I o dziwo, Bohdan Paszkowski także stwierdził, że radny nie korzystał z budżetu gminy. Pisał też o tym „Poranny”.
Czy na decyzję wojewody miała wpływ tzw. linia polityczna? Nie da się przecież ukryć, że wojewoda podlaski jest z PiS. I właśnie z tą partią sympatyzuje radny Leszek Gulewicz.
Jego sprawa jest niemal identyczna z historią radnego gminy Nowinka. Tyle że Gulewicz przygrywał na gminnych festynach, a Korzun rozwoził obiady do szkoły. Obaj świadczyli usługi na rzecz swoich gmin.
- Bogusław Korzun realizując świadczenie w ramach działalności gospodarczej, przez sam fakt pobrania wynagrodzenia ze środków budżetowych gminy - korzysta z mienia gminnego - wyjaśnia Anna Idźkowska.
W przypadku Leszka Gulewicza, urzędnicy uznali, że dom kultury, któremu radny wystawiał faktury, to odrębna w stosunku do gminy jednostka.
- Zatem nie można uznać, że wynagrodzenia z tytułu zawartych umów były wypłacane radnemu z budżetu gminy Łapy, w której radny uzyskał mandat, lecz ze środków finansowych instytucji kultury - Domu Kultury w Łapach - tłumaczy rzeczniczka wojewody podlaskiego.
- W identycznych sytuacjach organ nadzoru powinien podejmować takie same decyzje. W żadnym przypadku nie mogą decydować przesłanki polityczne, lecz merytoryczne - komentuje dr Jarosław Matwiejuk, konstytucjonalista.
Wojewodę podlaskiego czeka jeszcze jedna batalia.
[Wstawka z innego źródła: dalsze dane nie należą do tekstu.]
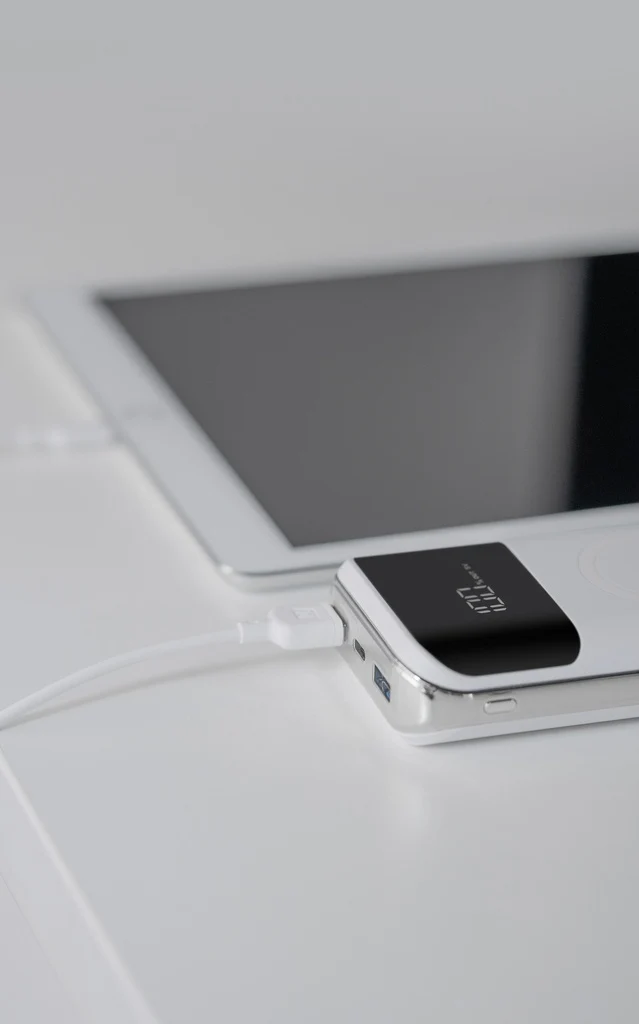 Momax Q.Power Air 2+ 20000mAh Wireless Power Bank - Image 5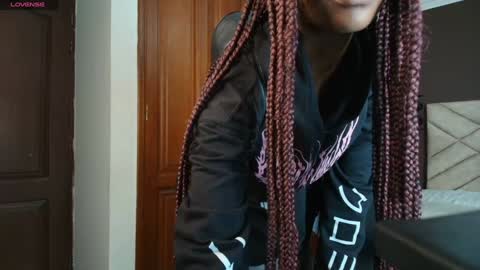 Raquel online show from 01/30/25, 11:33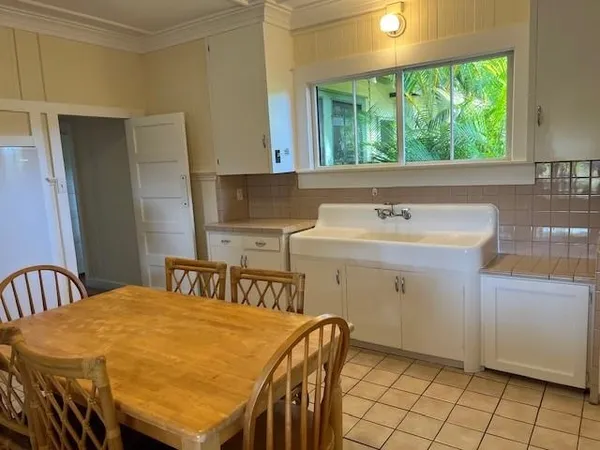 $4,975 | 676 Hana Highway, Paia, HI 96779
Chodzi o Pawła Myszkowskiego, białostockiego radnego PiS. Zasiadał w zarządzie Fundacji na rzecz Rozwoju Politechniki Białostockiej, która dostała miejskie pieniądze - ponad 100 tys. zł - na promocję Białegostoku podczas tegorocznych juwenaliów. Paweł Myszkowski tłumaczył w mediach, że zrezygnował z członkostwa w zarządzie przed przyznaniem pieniędzy przez miasto. To było 14 kwietnia.
Bohdan Paszkowski czeka teraz na stanowisko Rady Miasta w Białymstoku.
- Po otrzymaniu stosownych wyjaśnień, wojewoda dokona samodzielnie oceny sytuacji prawnej radnego - mówi Anna Idźkowska.